Thursday, November 25, 2010

Top 50 Database Procurement Tips for Charities and Not-for-Profit Organisations

I have been tweeting my Database Procurement Tips for charities and not-for-profits over the last few months, for all sorts of databases from  fundraising and membership databases, CRM systems, or a bespoke development. So here is a collation of my first 50. Note they are not in any order of importance; the numbers simply (hopefully!) make the list more readable.

I will be tweeting more tips in the week and months to come so if you want to see them then follow me on Twitter.

I hope they are useful!

1. You must do an internal needs analysis before looking at software
2. Make sure you allow a budget for hardware and IT infrastructure costs
3. Create a business case before looking at software
4. Ask the suppliers to bring a support/implementation staff member to the demo, not just a sales person
5. If you create an ITT, don’t just ask yes/no questions, but get the suppliers to give fuller answers to some questions
6. When comparing costs, use a Total Cost of Ownership cost model: i.e. not just the software but all costs
6a. When comparing TCO, do it over 5 years, not just the initial procurement costs
7. At the demo, ask the supplier what weaknesses their software has…
8. Get your users involved in the needs analysis stage and keep up the communication
9. At the demo, try phoning the supplier’s help desk live and see what sort of response they give!
10. Ask for costs in a structured way on your ITT/RFP so that you can compare them more easily

11. Remember that the software is just an enabler – find out how aware the supplier is about understanding your business
12. At the demo, ask the supplier what their software can’t do. Could get some interesting answers…
13. Don’t cram too many supplier demos in one day – it’ll kill you and you simply won’t get the same benefit from them
14. Ask the supplier what they think the key risks are for your project
15. At the demo, ask all suppliers to show you the same things, so you can compare more easily
16. At the demo, make sure you see how you could create reports, do queries, create mailings – get data out of the system
17. If you create an ITT, incorporate it into your contract with the supplier
18. Ask the supplier what experience they have of fundraising, or what they believe the latest fundraising trends are
19. Never under-estimate the costs and complexity of synchronising data across multiple databases
20. Ask to see the suppliers’ roadmap for future developments. If they haven’t got one…

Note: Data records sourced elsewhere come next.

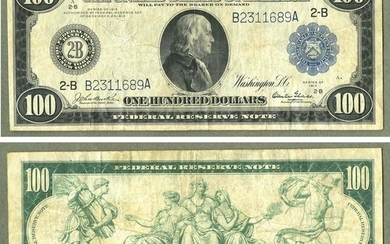 DH Fr 1130 1914 (B-New York) $100 Federal Reserve Note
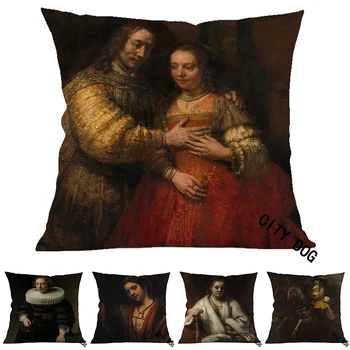 45*45cm pagalvės užvalkalą Garsiojo olandų tapytojo Rembrandto Tapybos meno Pagalvėlė padengti Viešbutis, biuras, baras, automobilių sofos pagalvių ir pagalvėlių apvalkalus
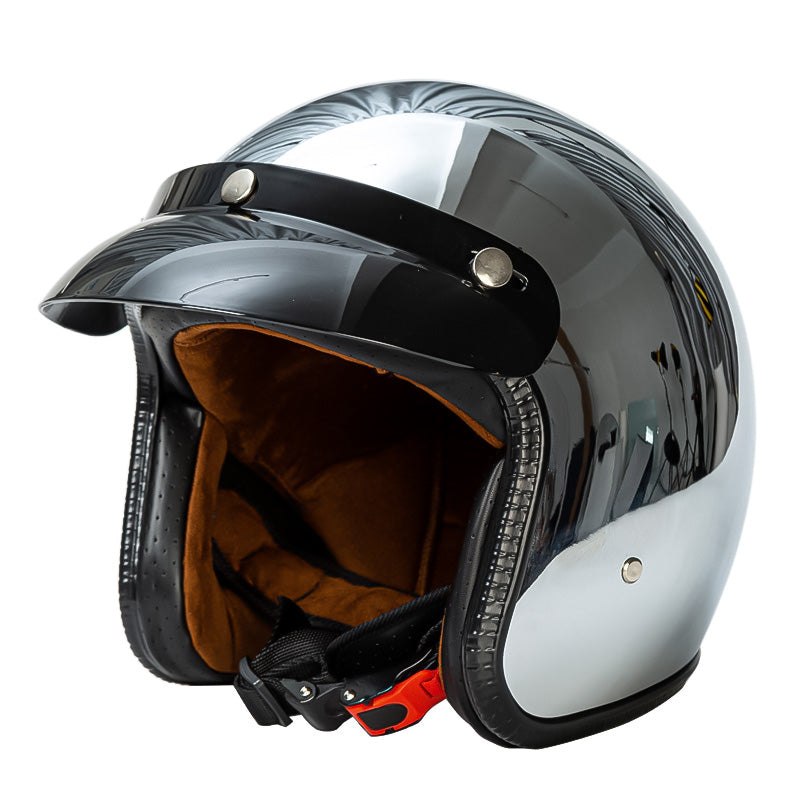 Silver Retro Motorcycle Helmet DOT ECE Certified Ergonomic Design 0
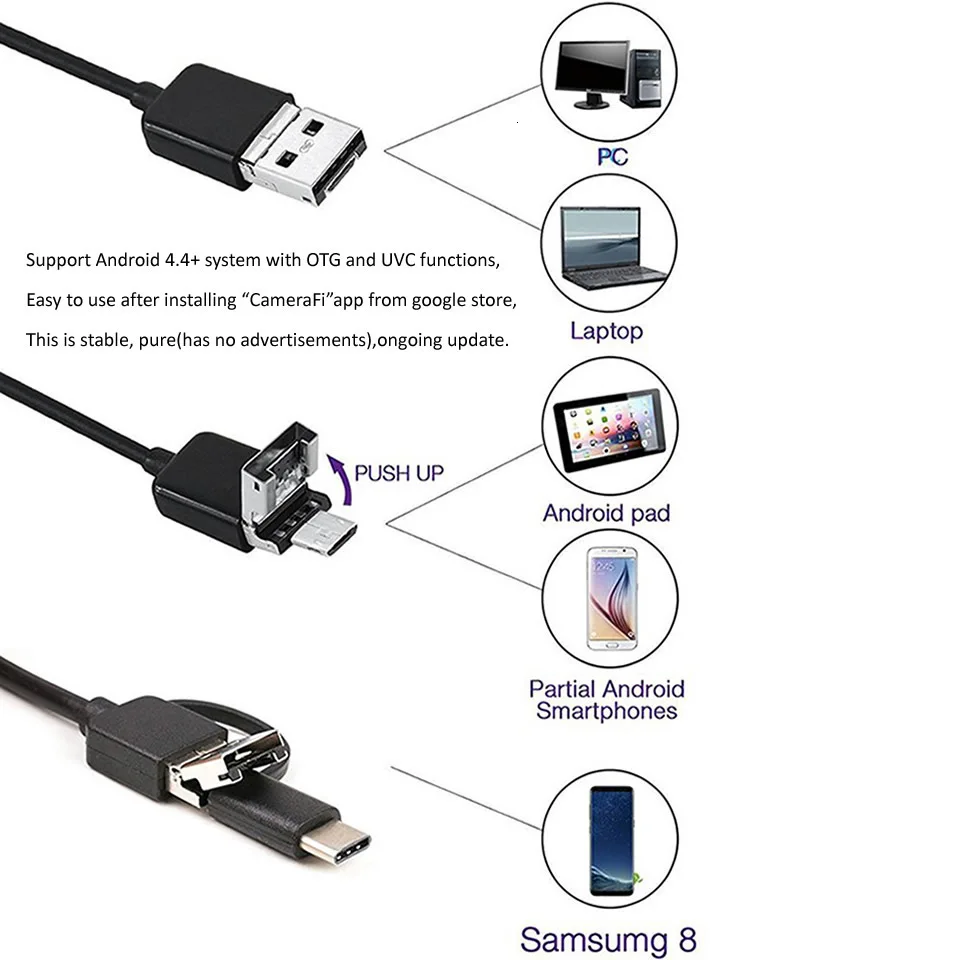 3 в 1 эндоскоп камера 7 мм USB мини видеокамеры IP67 Водонепроницаемый 6 светодиодный бороскоп Инспекционная камера для Windows Macbook PC Android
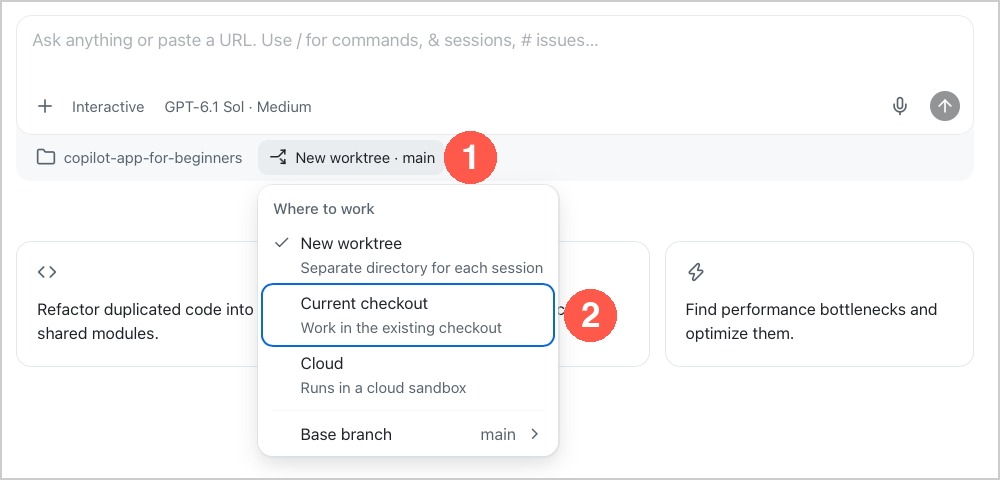 Where to work menu with callouts for the workspace selector and Current checkout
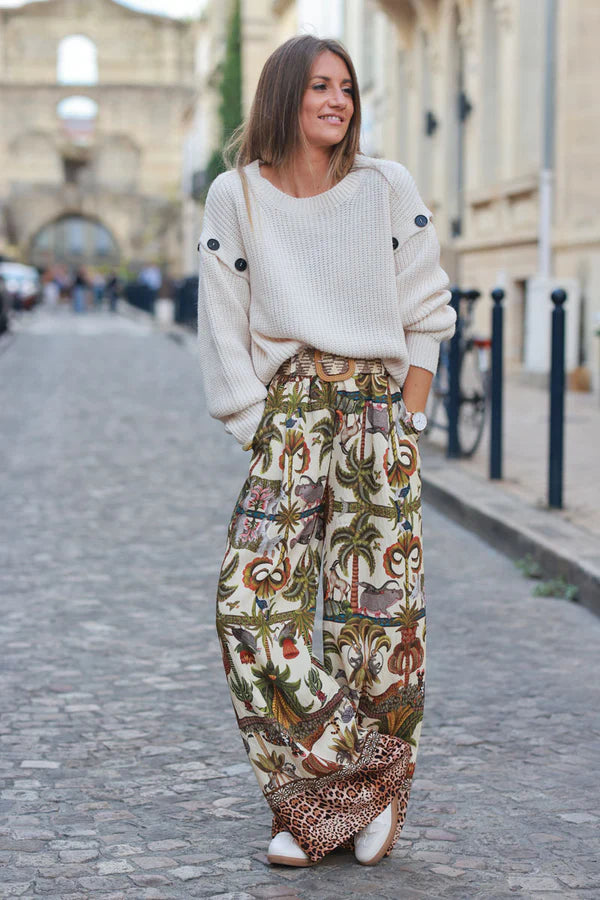 Beige Wide Leg Pants with Jungle and Leopard Print, including Belt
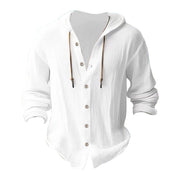 Buddha Stones Solid Color Long Sleeve Hooded Drawstring Buttons Linen Men's Shirt - image 5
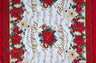 Musical Poinsettia Celebration Polyester Fabric - Red And Green Poinsettia Print, 58" Width (1 Yard)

21. Be careful when suppliers talk about Workflow – it can mean different things to different men
22. At the demo, ask the supplier for a reference who used to be unhappy with them but who is now a happy client
23. Ask whether you can segment the database on any and all fields you have in the database, including user-defined fields
24. Consider how to integrate the database with your web site. This can be one of the most costly and time-consuming elements
25. Find out how flexible the system is for importing data from different sources
26. Ask for system requirements and performance figures for at least twice your expected record numbers
27. Don’t under-estimate the time and effort needed for data migration
28. Find out from the supplier exactly how they will help with data migration & what their experience is
29. Purchase time is the best time to get discounts, so if you expect to increase your licenses later, bargain now!
30. Check whether future upgrades are included in your annual maintenance costs

31. Don’t skimp on training costs
32. Ask the supplier for their project management approach, but don’t rely solely on the supplier for this
33. Ask the suppliers how they provide bug fixes
34. Ask the suppliers how they train their own staff
35. Ask the suppliers how they manage Quality Assurance within their organisation
36. Consider the cost of decommissioning your existing database
37. Remember to include the cost of third party apps in your budget, e.g. PAF software, banking sw
38. Don’t expect your data to magically be cleaner or more accurate just by buying a new database
39. Ask the suppliers for their experience, input and recommendations of change management and your new db
40. Consider the option of asking 2-3 short-listed suppliers to prototype a specific element of your requirements

41. Never base a procurement decision on just software, just costs, just the salesperson…
42. Consider visiting a supplier’s offices before you make a final decision
43. Ideally, talk to a number of the supplier’s references, not just one or two
44. Ask the supplier if you can attend one of their user groups before you actually buy the software
45. Ask the suppliers how they recommend you create and structure your implementation project team
46. Ask the suppliers directly what costs are not included in their quote
47. Ask the suppliers why they have lost customers in the past
48. Ask the suppliers how many new clients they have added each year for the past 5 years
49. Don’t expect the supplier to provide a fixed price on data migration until they have seen your data
50. Ensure you have your fundraising/membership strategy in place before buying a new database

Thanks for reading. If you found these tips useful, then you can get more in-depth advice on this area in my eBook. Click on the image below to see more information on that.

My eBook: How to Buy Fundraising Software


Graham Hewitt said...

Ivan, this is a great source of advice. I have followed this stream of tweets with great interest. I am delighted they are now accessible in one place.

Philip G said...

VAR went through this process two years ago. We ended up buying a basic Access model and developing it over two years to grow into. The nice thing is, we own it and can do what we like without incurring fees.